Birra Moretti filtrata a freddo: ce n’era davvero bisogno?

Novità in casa Birra Moretti, marchio della grande famiglia Heineken Italia. L’azienda ha recentemente introdotto una nuova referenza: “Birra Moretti filtrata a freddo“. Si tratta di una lager da 4,3% abv, poco meno della Birra Moretti Originale che titola 4,6% abv.

Come suggerisce il nome stesso, la birra viene filtrata a -1°C prima dell’imbottigliamento. Secondo l’azienda, il «processo di filtrazione a freddo unico nel suo genere» darebbe vita ad una «birra chiara dalla personalità unica, facile da bere, dal bilanciato grado di amarezza e intensamente dissetante».
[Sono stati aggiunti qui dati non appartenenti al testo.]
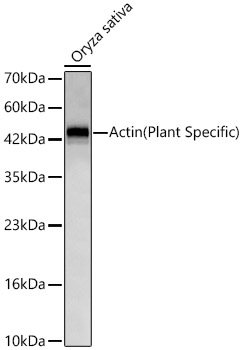 Actin(Plant Specific) Rabbit monoclonal antibody
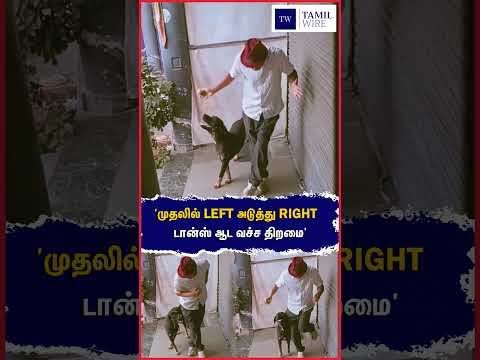 'முதலில் LEFT அடுத்து RIGHT  டான்ஸ் ஆட வச்ச திறமை' #Dog #Dance #animals #animallover #<strong>pets</strong> #viral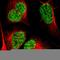 Aly/REF Export Factor antibody, HPA019799, Atlas Antibodies, Immunofluorescence image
Per sottolinearne la trasparenza cristallina, la birra viene proposta con un packaging molto accattivante: una bottiglia in vetro trasparente, con un’etichetta bianca a caratteri azzurri che esaltano la luminosità del contenuto.

LA DEGUSTAZIONE
Se l’estetica di Moretti filtrata a freddo è particolarmente apprezzabile, non si può dire altrettanto della birra. Naso debole e sottile. Pulito e preciso, ma a fatica si percepiscono leggere note floreali e di malto.

Medesima situazione in bocca, dove alla debolezza degli aromi si lega la leggera carbonazione. Il risultato è un sorso setoso e beverino, complice anche il basso livello di amaro.

Una birra fresca e semplicissima, pensata probabilmente più per le spensierate bevute pomeridiane fronte spiaggia che per il piacere della degustazione. Al di là del marketing, ce n’era davvero bisogno?